Soro premier ministre au lendemain de la présidentielle ; c’était une évidence stratégique. Il fallait casser sa proximité avec Gbagbo et obliger les FN à choisir leur camp en un temps où personne ne voulait « injurier l’avenir ». Soro premier ministre au lendemain de l’investiture de Ouattara, c’est tout autant évident. « Lui, c’est lui ; moi, c’est moi ». Autrement dit, il y a une présidence « principale » et une primature « accessoire ». Pascal Airault l’a dit dans Jeune Afrique (19 juin 2011) : « En remportant une guerre qu’il n’a pas souhaité, Alassane Ouattara a fait entrer la Côte d’Ivoire dans une période institutionnelle inédite où le chef a tous les pouvoirs. Ceux de faire arrêter ou de museler ses adversaires, de nommer à des postes de responsabilité, de s’affranchir de tout débat contradictoire… Depuis Houphouët-Boigny, jamais président ivoirien n’avait cumulé autant de pouvoirs. S’il n’était pas démocrate, l’homme, sorti vainqueur des urnes le 28 novembre dernier, pourrait même se comporter en autocrate ». C’est dire que ADO occupe tout le terrain. Bien plus que Gbagbo qui était contraint de prendre en compte un jeu politique complexe et un jeu diplomatique plus complexe encore.

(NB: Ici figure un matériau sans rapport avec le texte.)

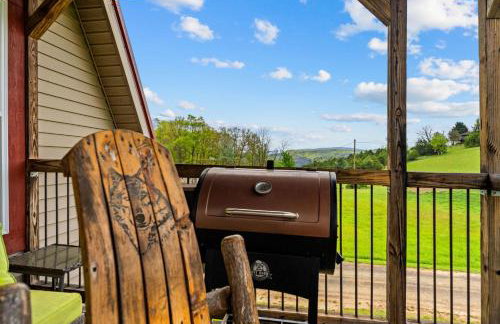 Rustic Barn Retreat w Hot Tub Game Room & FirePit - Photo 64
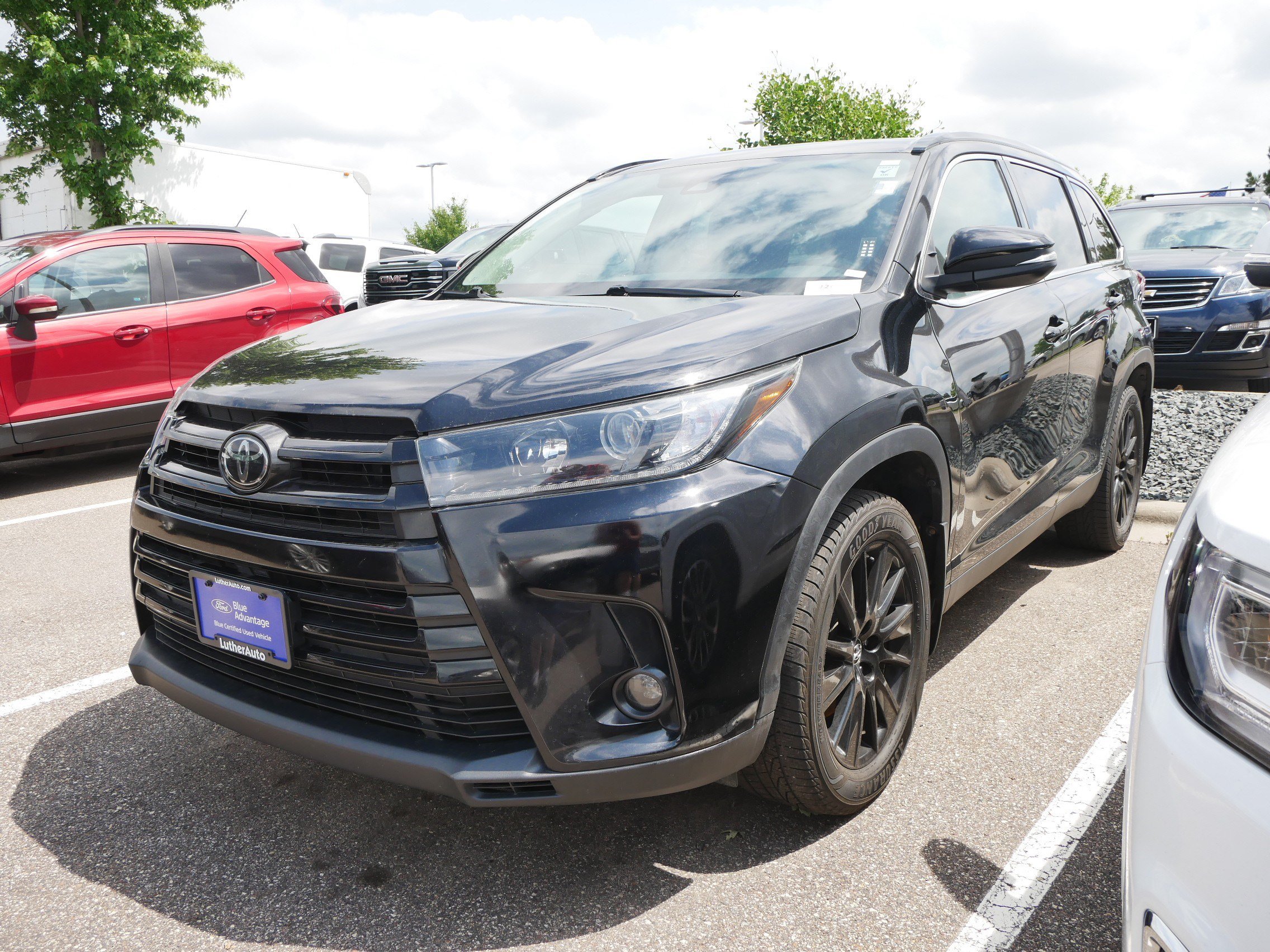 Used 2019 Toyota Highlander SE AWD/4WD image 3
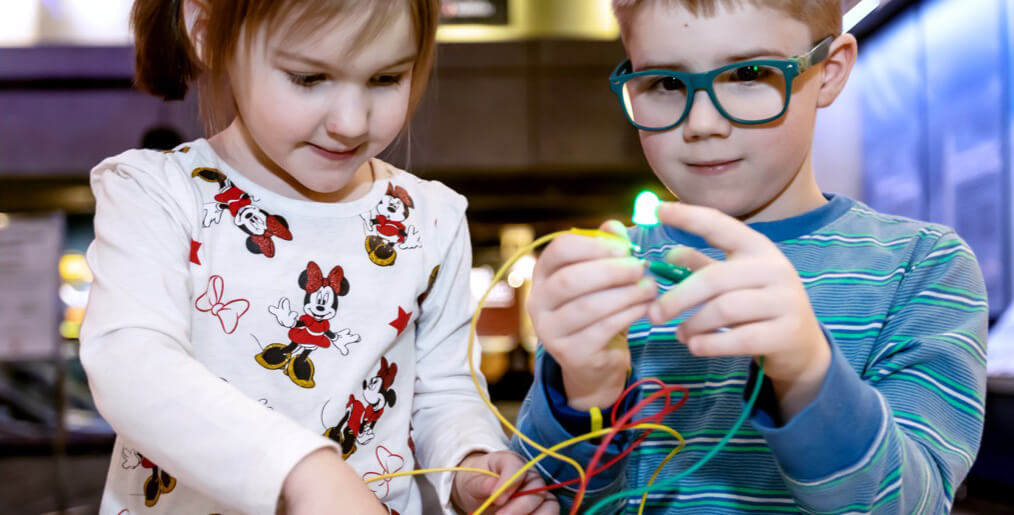 two children at museum of science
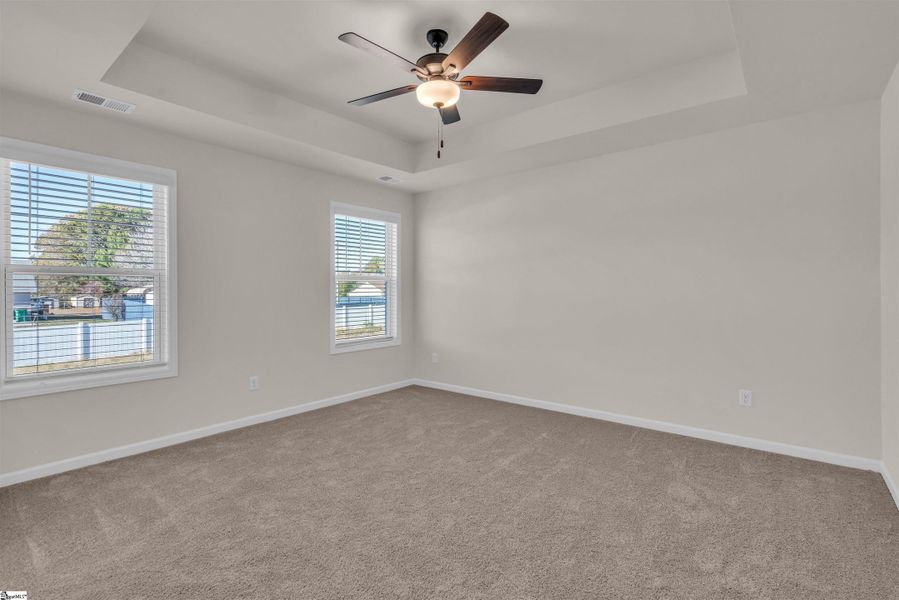 Spacious, unfurnished interior of a new home in Halton Oaks, Spartanburg (Image 22).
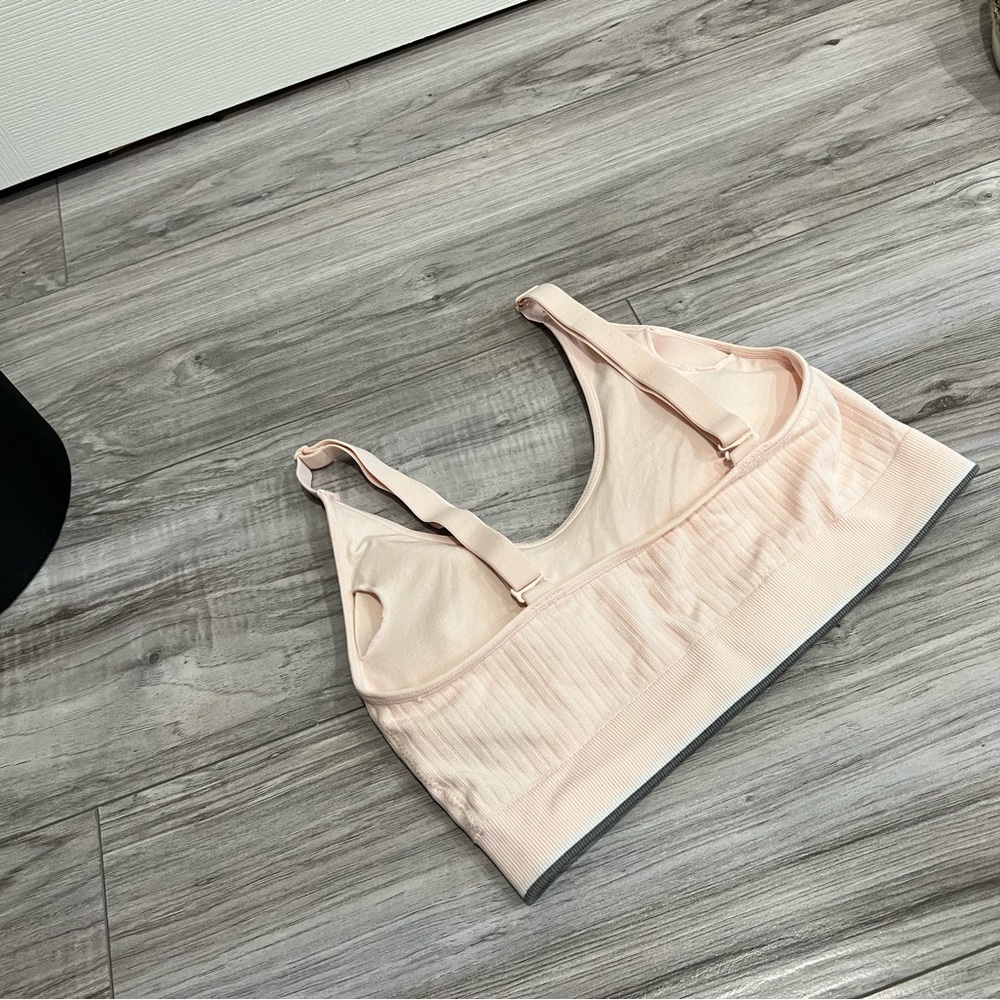 Top🌸😻 - Picture 2 of 2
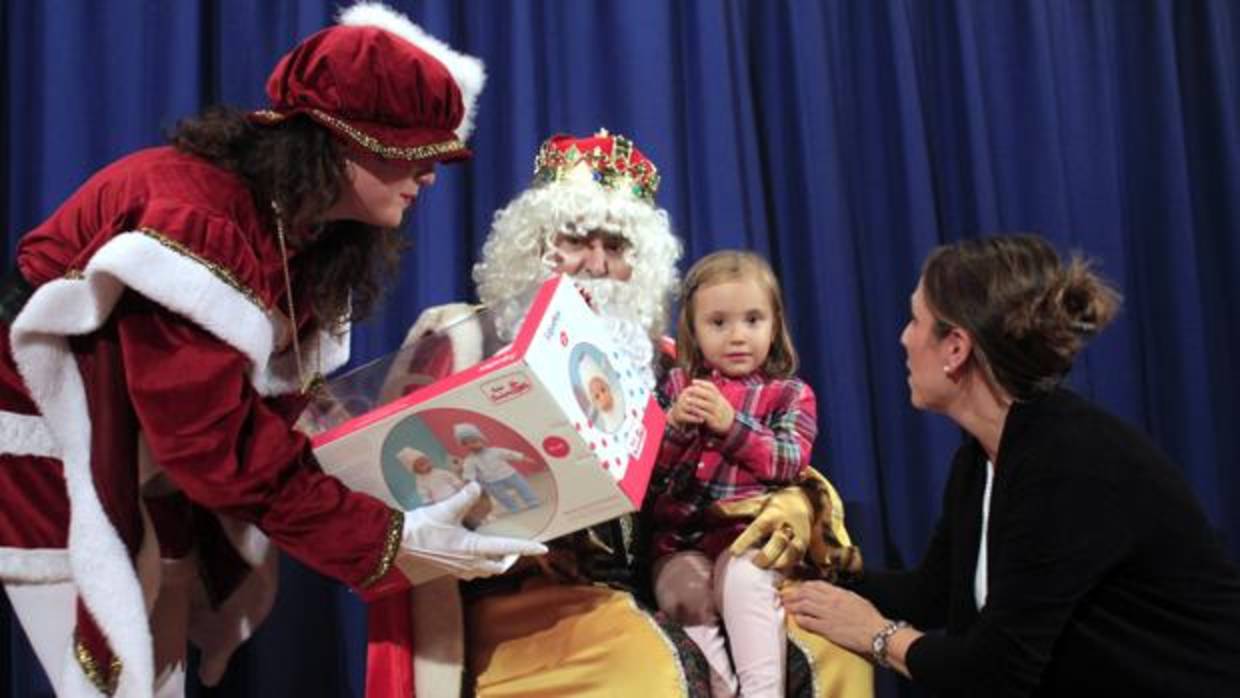 Melchor entrega un regalo a una niña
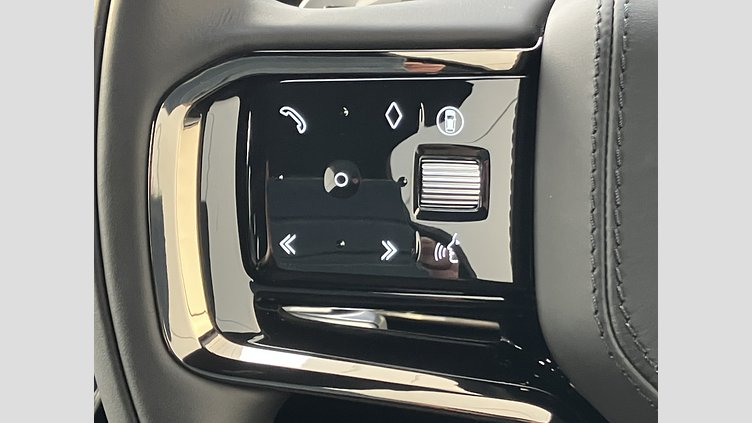 2024 認定中古車 Land Rover Range Rover Sport フジホワイト D300マイルドハイブリッド スタンダードホイールベース Dynamic HSE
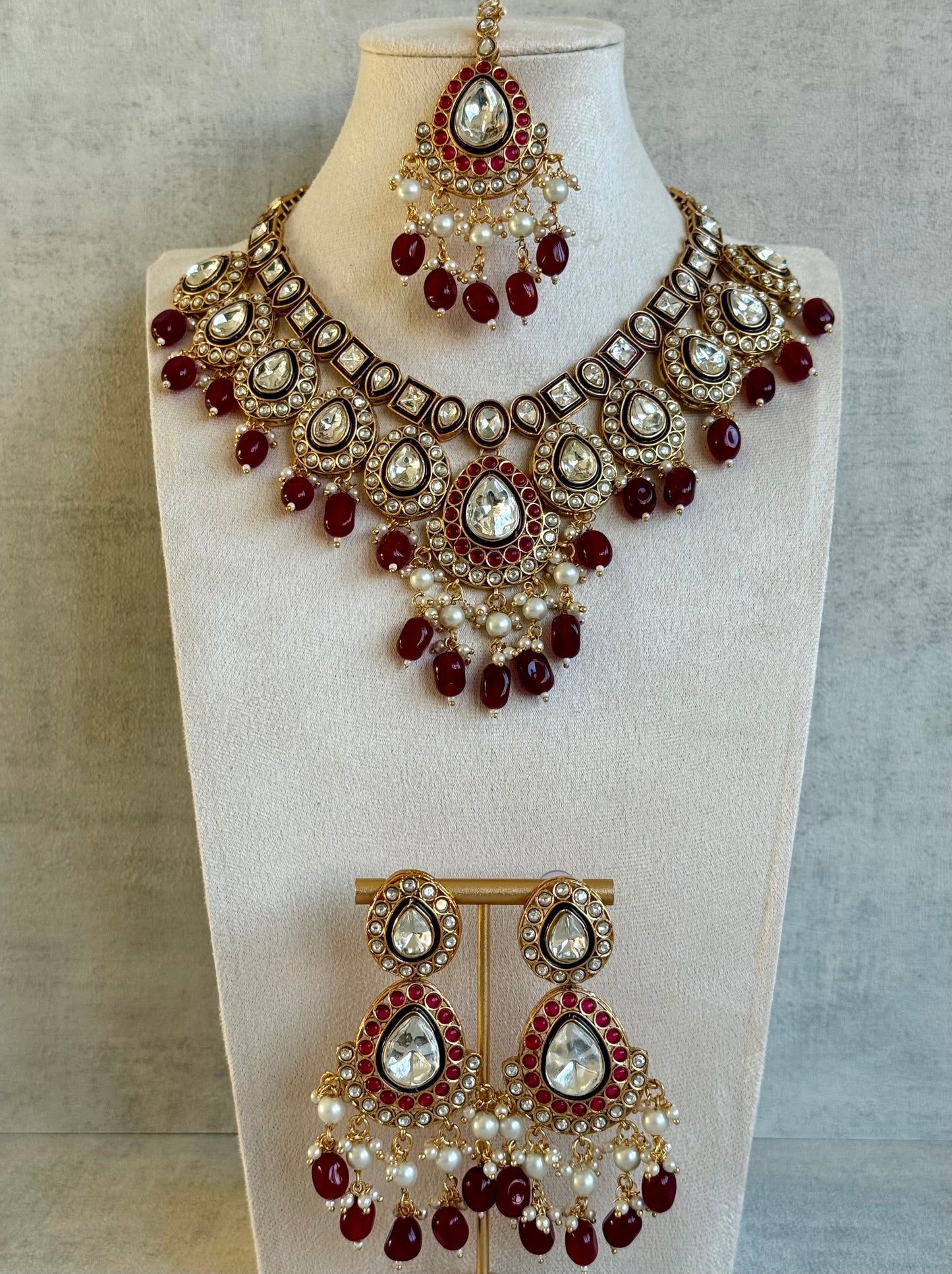 Ayura Designs Ishyat Set with Necklace, Earrings & Tikka – Kundan Detailing, Ruby Red Drops & Ivory Pearls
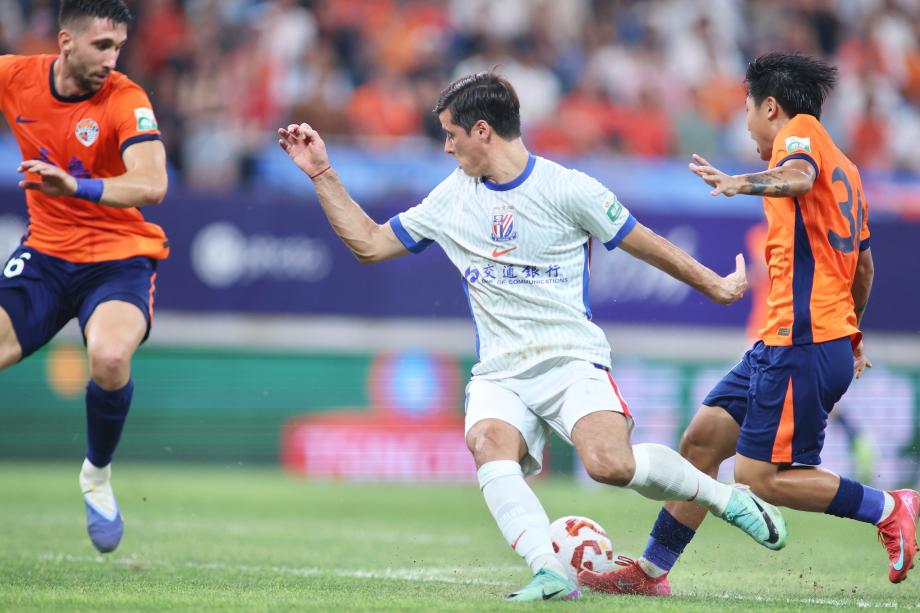 于汉超刘诚宇破门 上海申花2-0险胜青岛海牛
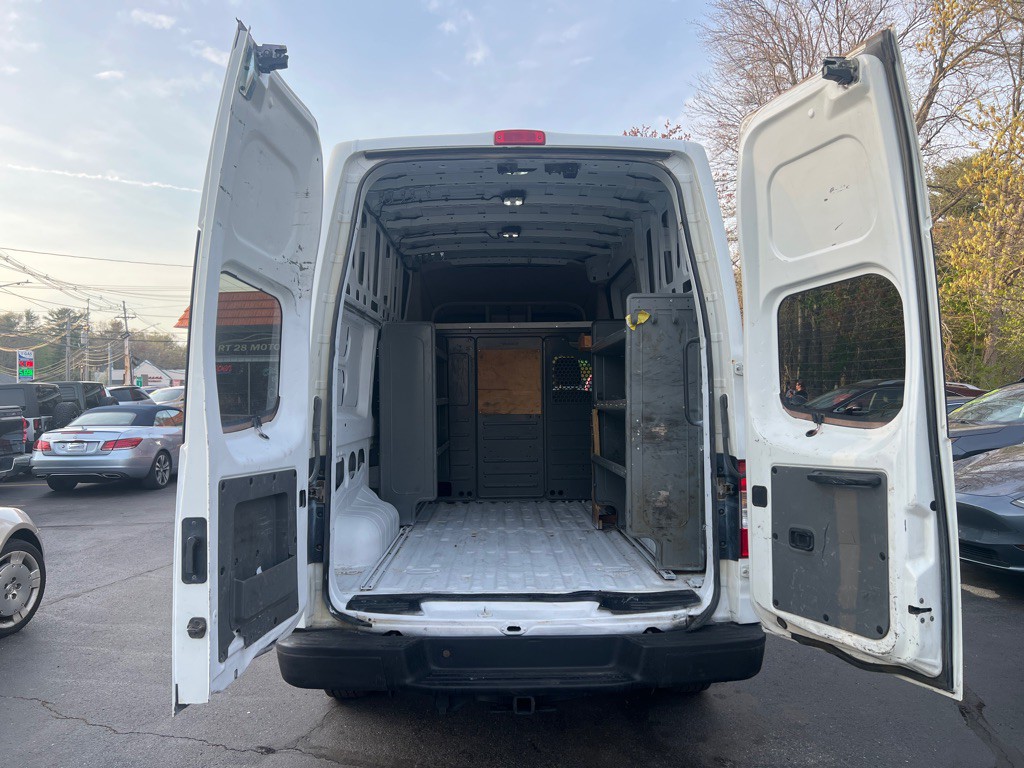 2015 Nissan NV Image 4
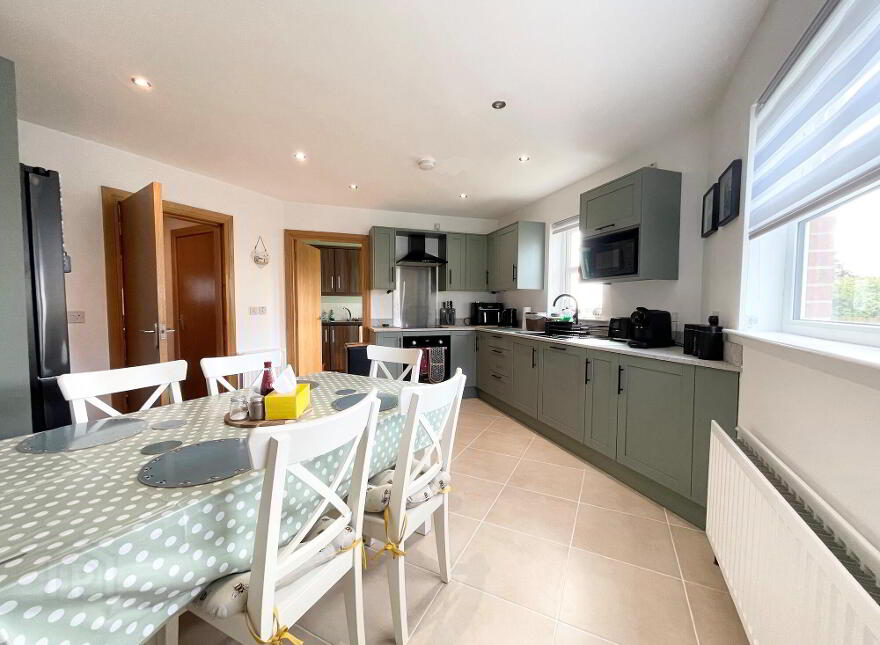 34 Hopefield Gardens, Portrush, BT56 8QG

Du même coup, Soro se retrouve aujourd’hui exclu de la cour des grands et obligé d’aller jouer avec ses petits camarades. Difficile de dire où il se trouve aujourd’hui sur l’échiquier politique face à la coalition des « houphouëtistes ». Si ADO s’accommode de Soro dès lors qu’il préside aux destinées du pays et que le premier ministre est le meilleur des fusibles ayant toujours endossé la responsabilité des événements de 2002, revendiqué la paternité des FN et partagé le pouvoir avec Gbagbo depuis 2007, il est avéré que la relation de Soro avec Bédié est tendue. Les deux hommes n’ont aucune connexion politique et Bédié a intérêt à ne pas détourner l’attention sur les exactions imputées aux FN, via Charles Konan Banny (en charge de la réconciliation) qu’il contrôle ; et dont Soro a beaucoup à redouter : on ne craint plus le FPI ; on craint encore les FN, autant les briser. Par le passé, Soro n’a pas ménagé Bédié et son « ivoirité » et le PDCI souhaite occuper les places qui pourraient être laissées vacantes par les FN.

ADO, de son côté, veut recoller définitivement les morceaux entre le PDCI et le RDR (issus du même moule : le PDCI-RDA de Houphouët) afin de créer un grand parti hégémonique et, du même coup, rompre avec son image de leader du Nord. Des commentateurs pensent que Soro veut créer un parti issu des FN qui présenterait ses propres candidats aux législatives. Ses modèles seraient Jean-Pierre Bemba (RDC), John Garang (Soudan), Jonas Savimbi (Angola), Charles Taylor (Liberia). C’est oublier qu’ils ont tous mal fini. C’est oublier que ADO, ayant été le premier Premier ministre de Côte d’Ivoire, sait jusqu’où un premier ministre peut aller quand le président lui laisse la bride sur le cou.

C’est dire que « l’hyper-présidence » ivoirienne a de beaux jours devant elle. D’autant plus qu’elle est, dans la conjoncture actuelle, une nécessité absolue. Et dans ce contexte, l’isolement de Soro serait une fragilisation de sa position ; ayant perdu la « bataille d’Abidjan », il ne lui reste qu’à être un homme lige. C’est la règle du jeu. Sauf à la changer.